Greetings Count Lowl, Barawyn the Beguiling, Briarstone Witch, Dead Arthur, and all other esteemed ghosts and ghouls of Kreischer Manor. Can everyone hear me OK? Good, you know how I am when it comes to that accursed mute button!

I didn’t call this meeting to get sign-ups for the upcoming Eerie Potluck. Nor do I wish to talk further about last week’s controversial Haunted Raffle.

Furthermore, there will be no more discussion of the marketing slogan for this year’s spooky ice cream social: “Treats so cold, they’re chilling.” I understand your various complaints, but the t-shirts have been printed and there is no turning back now.

No, I – Lord Balthasar – have called this meeting to order to discuss an unfortunate circumstance: My sources tell me that a party of paranormal investigators are on their way to Kreischer Manor as we speak.

Please, please. Everybody. Hold your laughter. Especially you, Dead Joey. I understand this doesn’t sound like a very pressing issue. I know that we’re old hats at haunting and spreading insanity is in our bones, especially yours, Professor Rattle-Bones.

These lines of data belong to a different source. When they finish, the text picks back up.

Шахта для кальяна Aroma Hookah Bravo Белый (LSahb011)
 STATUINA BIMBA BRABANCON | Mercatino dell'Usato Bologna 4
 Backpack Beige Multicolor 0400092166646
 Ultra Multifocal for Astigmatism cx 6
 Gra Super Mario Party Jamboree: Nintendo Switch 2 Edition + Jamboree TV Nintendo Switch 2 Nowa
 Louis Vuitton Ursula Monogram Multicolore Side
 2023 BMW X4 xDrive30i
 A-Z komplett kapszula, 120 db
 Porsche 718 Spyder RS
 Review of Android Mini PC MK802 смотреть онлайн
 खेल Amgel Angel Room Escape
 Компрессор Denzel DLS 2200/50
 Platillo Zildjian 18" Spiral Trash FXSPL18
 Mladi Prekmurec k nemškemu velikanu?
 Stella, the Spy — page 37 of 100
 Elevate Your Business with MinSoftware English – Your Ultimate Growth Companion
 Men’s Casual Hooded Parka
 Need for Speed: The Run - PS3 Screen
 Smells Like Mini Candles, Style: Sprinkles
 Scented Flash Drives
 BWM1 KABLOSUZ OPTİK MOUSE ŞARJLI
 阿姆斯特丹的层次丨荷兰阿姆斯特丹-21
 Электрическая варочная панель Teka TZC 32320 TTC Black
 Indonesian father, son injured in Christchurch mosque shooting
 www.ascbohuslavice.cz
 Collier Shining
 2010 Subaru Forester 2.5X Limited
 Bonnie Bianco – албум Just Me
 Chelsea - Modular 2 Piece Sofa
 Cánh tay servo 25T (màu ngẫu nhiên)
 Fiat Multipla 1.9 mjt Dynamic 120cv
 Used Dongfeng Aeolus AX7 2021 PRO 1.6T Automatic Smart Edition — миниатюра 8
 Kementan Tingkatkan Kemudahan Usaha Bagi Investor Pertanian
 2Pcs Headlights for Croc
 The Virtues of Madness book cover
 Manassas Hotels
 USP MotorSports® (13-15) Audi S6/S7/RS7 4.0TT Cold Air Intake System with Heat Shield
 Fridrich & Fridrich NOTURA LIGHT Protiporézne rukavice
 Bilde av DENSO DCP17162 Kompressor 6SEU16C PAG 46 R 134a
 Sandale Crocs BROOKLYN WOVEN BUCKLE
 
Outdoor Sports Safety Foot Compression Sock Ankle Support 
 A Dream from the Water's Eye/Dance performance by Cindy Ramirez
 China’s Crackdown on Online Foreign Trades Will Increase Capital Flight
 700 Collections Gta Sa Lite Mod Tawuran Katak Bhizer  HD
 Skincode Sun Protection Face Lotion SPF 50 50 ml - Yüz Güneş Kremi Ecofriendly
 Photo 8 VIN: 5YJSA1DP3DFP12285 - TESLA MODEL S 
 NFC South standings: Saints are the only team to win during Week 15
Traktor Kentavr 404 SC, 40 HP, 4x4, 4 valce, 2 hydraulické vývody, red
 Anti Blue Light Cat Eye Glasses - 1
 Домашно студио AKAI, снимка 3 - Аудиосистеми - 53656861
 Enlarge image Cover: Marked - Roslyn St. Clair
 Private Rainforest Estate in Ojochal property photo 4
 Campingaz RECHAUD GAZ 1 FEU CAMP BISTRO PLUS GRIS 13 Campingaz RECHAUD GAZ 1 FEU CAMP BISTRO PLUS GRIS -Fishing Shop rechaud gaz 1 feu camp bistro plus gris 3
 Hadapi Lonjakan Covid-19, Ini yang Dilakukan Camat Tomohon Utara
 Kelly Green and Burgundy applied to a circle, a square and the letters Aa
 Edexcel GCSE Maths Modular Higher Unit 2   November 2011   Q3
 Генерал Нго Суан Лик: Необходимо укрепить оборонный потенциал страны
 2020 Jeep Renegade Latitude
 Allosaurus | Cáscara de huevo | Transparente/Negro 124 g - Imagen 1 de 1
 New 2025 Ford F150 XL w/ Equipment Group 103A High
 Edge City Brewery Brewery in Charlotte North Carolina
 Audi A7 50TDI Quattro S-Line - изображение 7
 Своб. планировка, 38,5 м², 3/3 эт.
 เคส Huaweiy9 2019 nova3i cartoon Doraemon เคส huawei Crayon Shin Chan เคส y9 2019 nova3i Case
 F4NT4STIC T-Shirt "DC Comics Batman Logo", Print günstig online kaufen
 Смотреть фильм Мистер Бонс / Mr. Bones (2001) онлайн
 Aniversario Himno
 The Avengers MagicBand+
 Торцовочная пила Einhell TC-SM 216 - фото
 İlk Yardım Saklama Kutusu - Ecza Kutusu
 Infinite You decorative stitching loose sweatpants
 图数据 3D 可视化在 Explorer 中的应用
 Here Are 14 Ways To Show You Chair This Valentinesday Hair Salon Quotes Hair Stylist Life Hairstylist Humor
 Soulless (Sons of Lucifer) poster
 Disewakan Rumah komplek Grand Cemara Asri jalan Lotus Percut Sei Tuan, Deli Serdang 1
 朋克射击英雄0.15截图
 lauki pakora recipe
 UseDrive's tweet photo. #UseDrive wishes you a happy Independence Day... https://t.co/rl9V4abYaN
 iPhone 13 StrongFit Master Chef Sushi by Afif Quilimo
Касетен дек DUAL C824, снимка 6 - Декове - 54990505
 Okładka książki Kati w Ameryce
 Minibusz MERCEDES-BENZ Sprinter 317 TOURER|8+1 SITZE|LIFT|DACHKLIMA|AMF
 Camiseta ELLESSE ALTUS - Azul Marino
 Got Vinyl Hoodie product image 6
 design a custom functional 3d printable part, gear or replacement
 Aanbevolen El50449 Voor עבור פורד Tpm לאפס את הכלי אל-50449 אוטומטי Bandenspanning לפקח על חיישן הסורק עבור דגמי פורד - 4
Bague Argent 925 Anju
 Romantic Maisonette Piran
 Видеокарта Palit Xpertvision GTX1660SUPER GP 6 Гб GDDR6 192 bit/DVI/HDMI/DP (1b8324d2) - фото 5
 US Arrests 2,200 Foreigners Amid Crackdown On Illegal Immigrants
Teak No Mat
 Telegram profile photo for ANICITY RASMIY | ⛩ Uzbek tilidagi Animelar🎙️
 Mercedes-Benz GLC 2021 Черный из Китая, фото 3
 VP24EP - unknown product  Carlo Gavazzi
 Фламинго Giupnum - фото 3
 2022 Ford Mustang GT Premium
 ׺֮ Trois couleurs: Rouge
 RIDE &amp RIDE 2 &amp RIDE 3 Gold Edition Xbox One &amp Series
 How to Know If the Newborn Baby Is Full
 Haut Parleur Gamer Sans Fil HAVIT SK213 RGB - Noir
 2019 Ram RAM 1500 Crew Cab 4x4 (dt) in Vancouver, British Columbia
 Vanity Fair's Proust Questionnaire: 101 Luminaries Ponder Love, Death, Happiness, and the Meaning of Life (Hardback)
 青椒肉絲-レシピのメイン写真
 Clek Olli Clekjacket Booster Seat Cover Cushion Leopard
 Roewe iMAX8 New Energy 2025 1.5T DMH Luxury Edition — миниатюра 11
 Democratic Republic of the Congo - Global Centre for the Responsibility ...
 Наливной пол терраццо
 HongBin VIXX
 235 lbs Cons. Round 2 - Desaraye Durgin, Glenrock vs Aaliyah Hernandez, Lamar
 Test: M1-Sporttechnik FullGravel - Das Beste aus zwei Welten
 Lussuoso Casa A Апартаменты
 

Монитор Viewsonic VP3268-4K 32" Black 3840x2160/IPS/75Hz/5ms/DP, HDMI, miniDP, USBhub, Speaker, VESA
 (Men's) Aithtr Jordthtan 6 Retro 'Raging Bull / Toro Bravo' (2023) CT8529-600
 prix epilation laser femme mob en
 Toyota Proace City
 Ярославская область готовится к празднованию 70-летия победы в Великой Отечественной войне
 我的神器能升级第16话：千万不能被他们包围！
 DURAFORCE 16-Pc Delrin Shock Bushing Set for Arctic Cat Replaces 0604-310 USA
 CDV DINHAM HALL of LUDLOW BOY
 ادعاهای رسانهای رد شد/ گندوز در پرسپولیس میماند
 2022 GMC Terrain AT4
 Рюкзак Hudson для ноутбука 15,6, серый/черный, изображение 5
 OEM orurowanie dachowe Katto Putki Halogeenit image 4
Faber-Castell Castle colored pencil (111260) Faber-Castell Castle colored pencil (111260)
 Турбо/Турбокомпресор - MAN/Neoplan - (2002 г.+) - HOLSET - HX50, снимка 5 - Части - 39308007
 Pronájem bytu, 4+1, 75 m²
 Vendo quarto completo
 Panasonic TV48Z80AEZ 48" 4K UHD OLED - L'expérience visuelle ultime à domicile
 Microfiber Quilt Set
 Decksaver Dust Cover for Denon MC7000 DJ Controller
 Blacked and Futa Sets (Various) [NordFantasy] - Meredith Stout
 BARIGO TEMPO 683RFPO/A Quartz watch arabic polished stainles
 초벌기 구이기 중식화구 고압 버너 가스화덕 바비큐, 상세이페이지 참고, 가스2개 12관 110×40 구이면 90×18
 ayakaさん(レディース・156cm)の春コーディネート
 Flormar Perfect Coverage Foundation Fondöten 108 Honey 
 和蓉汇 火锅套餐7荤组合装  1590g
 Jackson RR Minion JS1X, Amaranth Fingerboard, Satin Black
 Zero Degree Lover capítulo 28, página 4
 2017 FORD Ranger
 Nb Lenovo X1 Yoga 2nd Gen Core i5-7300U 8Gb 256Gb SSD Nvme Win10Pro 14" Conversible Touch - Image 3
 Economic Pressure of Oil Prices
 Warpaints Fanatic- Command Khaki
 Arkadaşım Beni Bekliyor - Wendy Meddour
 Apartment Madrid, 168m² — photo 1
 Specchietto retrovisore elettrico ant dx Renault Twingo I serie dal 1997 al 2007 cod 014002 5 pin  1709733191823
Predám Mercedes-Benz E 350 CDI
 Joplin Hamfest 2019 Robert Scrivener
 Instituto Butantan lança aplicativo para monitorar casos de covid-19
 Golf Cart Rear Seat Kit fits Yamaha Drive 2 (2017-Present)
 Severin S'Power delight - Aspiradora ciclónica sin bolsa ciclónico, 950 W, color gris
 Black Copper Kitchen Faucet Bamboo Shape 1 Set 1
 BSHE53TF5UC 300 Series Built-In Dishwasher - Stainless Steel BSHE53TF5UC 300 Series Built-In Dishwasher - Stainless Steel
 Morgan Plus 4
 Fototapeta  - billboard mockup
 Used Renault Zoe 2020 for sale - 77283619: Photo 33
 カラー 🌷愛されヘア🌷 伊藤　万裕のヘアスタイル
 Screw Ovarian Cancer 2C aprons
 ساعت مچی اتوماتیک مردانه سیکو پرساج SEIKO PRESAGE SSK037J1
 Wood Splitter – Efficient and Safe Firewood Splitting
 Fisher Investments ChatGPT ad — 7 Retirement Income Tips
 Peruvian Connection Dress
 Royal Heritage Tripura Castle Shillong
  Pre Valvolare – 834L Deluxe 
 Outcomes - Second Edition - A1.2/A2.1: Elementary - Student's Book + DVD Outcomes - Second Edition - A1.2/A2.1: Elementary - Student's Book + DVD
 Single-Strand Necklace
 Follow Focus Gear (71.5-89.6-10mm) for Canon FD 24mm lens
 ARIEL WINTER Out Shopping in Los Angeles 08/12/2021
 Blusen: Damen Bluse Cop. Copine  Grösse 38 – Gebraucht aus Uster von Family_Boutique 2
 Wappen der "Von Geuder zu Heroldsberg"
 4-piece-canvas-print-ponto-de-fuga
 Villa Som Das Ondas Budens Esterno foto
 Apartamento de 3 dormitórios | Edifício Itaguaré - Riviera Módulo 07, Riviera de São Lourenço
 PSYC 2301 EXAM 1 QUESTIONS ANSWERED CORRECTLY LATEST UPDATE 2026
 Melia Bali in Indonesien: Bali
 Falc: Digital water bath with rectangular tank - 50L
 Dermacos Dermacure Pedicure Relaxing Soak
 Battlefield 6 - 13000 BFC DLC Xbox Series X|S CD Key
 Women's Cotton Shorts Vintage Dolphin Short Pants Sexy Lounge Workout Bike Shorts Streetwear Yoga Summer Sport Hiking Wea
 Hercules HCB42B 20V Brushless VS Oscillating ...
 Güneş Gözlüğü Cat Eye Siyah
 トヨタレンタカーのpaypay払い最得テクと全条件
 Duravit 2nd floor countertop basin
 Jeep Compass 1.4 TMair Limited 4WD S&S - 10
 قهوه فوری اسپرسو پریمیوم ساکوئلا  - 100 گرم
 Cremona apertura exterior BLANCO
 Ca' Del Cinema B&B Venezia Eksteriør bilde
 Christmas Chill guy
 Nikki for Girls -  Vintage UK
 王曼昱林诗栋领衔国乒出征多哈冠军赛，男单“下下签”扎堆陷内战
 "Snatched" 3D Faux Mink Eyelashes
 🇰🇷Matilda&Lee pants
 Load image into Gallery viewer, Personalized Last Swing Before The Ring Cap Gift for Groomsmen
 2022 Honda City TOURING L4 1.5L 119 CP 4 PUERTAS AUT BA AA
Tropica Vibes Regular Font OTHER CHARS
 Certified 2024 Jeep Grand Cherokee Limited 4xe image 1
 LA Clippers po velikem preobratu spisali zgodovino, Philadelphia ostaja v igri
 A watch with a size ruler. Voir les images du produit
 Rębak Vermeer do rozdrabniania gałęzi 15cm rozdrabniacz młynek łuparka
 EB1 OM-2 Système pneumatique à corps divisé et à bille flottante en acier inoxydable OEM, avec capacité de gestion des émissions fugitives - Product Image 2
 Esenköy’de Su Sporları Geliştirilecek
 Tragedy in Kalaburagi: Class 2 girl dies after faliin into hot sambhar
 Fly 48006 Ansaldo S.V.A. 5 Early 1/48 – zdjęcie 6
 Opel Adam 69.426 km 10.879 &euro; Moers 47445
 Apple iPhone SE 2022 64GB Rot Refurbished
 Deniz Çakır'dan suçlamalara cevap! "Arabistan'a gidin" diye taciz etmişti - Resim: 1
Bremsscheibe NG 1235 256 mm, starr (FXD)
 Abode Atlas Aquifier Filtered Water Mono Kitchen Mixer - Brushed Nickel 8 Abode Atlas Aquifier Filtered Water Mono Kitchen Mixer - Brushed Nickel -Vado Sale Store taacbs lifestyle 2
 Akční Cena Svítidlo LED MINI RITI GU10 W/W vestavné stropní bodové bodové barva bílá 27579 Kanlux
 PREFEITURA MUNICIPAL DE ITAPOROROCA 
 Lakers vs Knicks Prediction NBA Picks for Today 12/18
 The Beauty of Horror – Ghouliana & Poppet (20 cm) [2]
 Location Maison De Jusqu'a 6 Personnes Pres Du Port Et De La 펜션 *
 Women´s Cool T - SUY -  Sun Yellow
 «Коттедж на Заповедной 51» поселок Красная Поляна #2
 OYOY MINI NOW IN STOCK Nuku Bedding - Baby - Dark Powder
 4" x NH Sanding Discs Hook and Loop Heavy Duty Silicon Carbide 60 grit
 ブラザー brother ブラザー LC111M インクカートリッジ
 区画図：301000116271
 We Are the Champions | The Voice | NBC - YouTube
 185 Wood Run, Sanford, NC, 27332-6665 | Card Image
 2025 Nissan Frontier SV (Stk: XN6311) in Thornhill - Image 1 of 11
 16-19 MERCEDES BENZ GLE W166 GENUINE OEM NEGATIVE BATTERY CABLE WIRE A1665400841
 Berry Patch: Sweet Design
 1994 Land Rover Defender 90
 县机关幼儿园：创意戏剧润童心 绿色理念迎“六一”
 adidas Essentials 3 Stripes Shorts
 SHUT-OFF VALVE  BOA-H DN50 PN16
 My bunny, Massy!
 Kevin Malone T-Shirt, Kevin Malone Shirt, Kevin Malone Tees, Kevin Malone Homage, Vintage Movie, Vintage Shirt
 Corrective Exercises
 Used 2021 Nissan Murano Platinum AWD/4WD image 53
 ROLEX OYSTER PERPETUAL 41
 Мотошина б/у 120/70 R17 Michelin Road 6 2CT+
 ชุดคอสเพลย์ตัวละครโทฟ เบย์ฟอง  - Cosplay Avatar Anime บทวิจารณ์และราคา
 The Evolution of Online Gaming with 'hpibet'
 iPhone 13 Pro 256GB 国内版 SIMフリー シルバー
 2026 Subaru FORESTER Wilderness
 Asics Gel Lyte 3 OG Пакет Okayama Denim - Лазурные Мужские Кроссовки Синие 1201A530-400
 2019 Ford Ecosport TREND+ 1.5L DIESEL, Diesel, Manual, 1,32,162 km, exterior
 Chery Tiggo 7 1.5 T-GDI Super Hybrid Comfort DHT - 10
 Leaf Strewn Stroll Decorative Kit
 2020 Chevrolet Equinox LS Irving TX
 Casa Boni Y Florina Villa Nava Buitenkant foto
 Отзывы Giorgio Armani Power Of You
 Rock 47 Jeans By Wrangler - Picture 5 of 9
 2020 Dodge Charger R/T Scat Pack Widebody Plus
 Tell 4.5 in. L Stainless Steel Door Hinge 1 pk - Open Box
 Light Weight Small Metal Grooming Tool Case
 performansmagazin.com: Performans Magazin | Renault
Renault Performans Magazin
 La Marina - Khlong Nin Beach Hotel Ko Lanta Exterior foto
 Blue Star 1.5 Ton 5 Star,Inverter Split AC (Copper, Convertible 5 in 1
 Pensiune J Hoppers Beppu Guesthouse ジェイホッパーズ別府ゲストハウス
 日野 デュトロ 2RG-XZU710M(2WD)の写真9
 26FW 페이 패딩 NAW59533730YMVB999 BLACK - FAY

But this visit is different. The paranormal investigators are quite competent this time and generously outfitted with Holy Water, garlic, and the like. That means we can’t do the thing we always do, where the investigators wave their torches slowly throughout each of Kreischer Manor’s 90 rooms and two sub-level dungeons before turning to leave, satisfied there’s nothing there, before finding one of us RIGHT BEHIND HIM!

Sorry, I didn’t mean to shout. I just get so excited about jump scares. And I just knew that would get the blood pumping! Figuratively speaking, of course. Except in your case, Madam Blood.

Indeed, we must step up our game far beyond the simple jump scares that have served us in the past. You all know “Dead by Dawn” is the slogan of Kreischer Manor and no one knows this better than Sleepless Maddy, who was instrumental in those marketing efforts.

So, if Kreischer Manor plans to live up to our slogan – and I do hope that each of you can levitate to this occasion – then this adventuring party needs to be turned undead before the morning’s first light. Now get out there and give them hell!

The Haunted History of Kreischer Mansion

Balthasar Kreischer brought his brickworks operation from Germany to Staten Island in the mid-1800s and the accompanying economic boom was so successful that the area soon became known as Kreischerville. The elder Kreischer then used his wealth to build twin mansions on a hilltop along Arthur Kill Road for his two sons.

Sadly, Balthasar died just a year after they were completed, which is perhaps for the best, given what followed. The brick factory his sons inherited burnt to the ground. The economic blow was devastating and their fortunes soon fell, leading one of his sons, Edward, to shoot himself in the right temple in the parlor of the mansion that stands today.

Superstition began to surround he ornate gothic mansion and all manner of ghost stories were told about the house. There have been sightings of a woman wearing Victorian-era garb sitting on the porch of the home and Edward’s weeping, distraught wife Frieda is among the ghosts people have claimed to hear at the mansion over the years. In fact, people have spotted the ghosts of both Edward and Freida Kreischer roaming the grounds.

There have been multiple reports over the years of people seeing a young boy who is believed to have been one of Balthasar’s other sons. And a child’s footsteps are often heard on the second floor. Caroline and Balthasar had a son, Henry, who died at age 6. But the boy may also be one of Balthasar’s children born to his second wife, Mathilda, after Caroline died from complications during Edward’s birth.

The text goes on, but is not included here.